• _MATERIAL SUPPLIED_

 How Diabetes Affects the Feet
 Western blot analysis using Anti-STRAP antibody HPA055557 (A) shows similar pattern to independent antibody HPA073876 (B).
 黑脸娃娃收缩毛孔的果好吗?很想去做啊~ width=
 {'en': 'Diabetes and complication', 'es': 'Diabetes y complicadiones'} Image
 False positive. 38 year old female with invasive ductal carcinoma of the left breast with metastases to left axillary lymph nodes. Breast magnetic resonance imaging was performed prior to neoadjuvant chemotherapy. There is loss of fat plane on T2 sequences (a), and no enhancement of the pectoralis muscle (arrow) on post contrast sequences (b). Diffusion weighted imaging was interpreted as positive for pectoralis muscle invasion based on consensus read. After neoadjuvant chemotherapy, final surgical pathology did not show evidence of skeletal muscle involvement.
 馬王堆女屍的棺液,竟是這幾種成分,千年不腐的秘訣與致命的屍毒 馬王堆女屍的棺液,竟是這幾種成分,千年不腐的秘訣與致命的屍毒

* * *

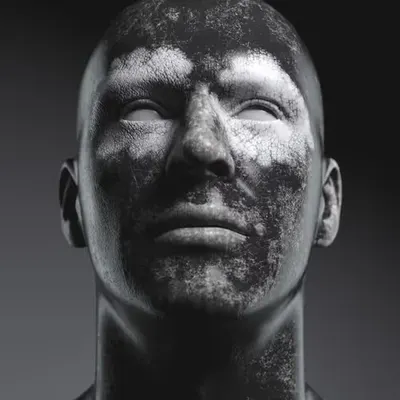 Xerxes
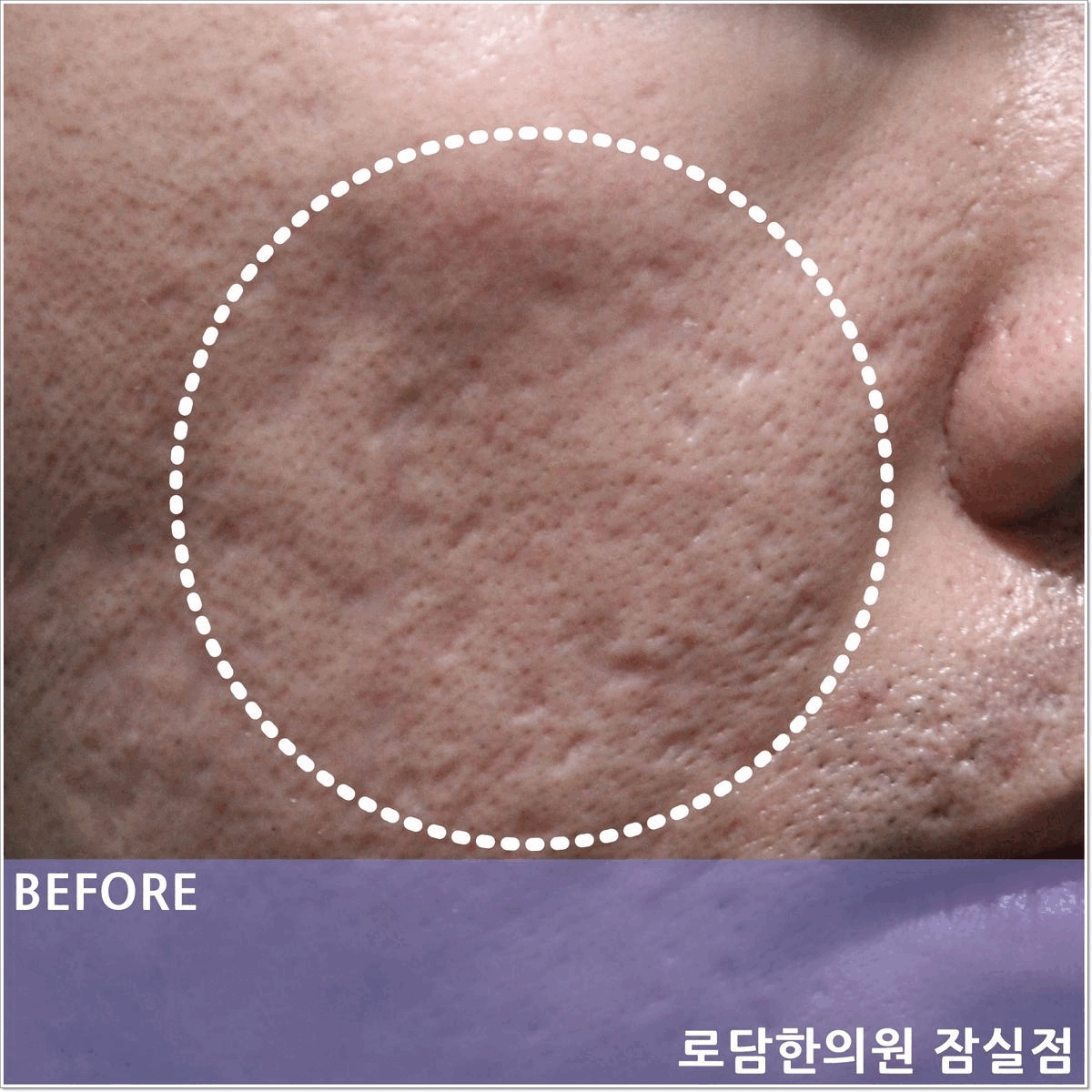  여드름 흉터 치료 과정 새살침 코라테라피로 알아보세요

• _WHAT THIS TASK INVOLVES_
Pull out each line of the entries that contains "Diabetes".

• _ANSWER FOR THE TASK_
 How Diabetes Affects the Feet
 {'en': 'Diabetes and complication', 'es': 'Diabetes y complicadiones'} Image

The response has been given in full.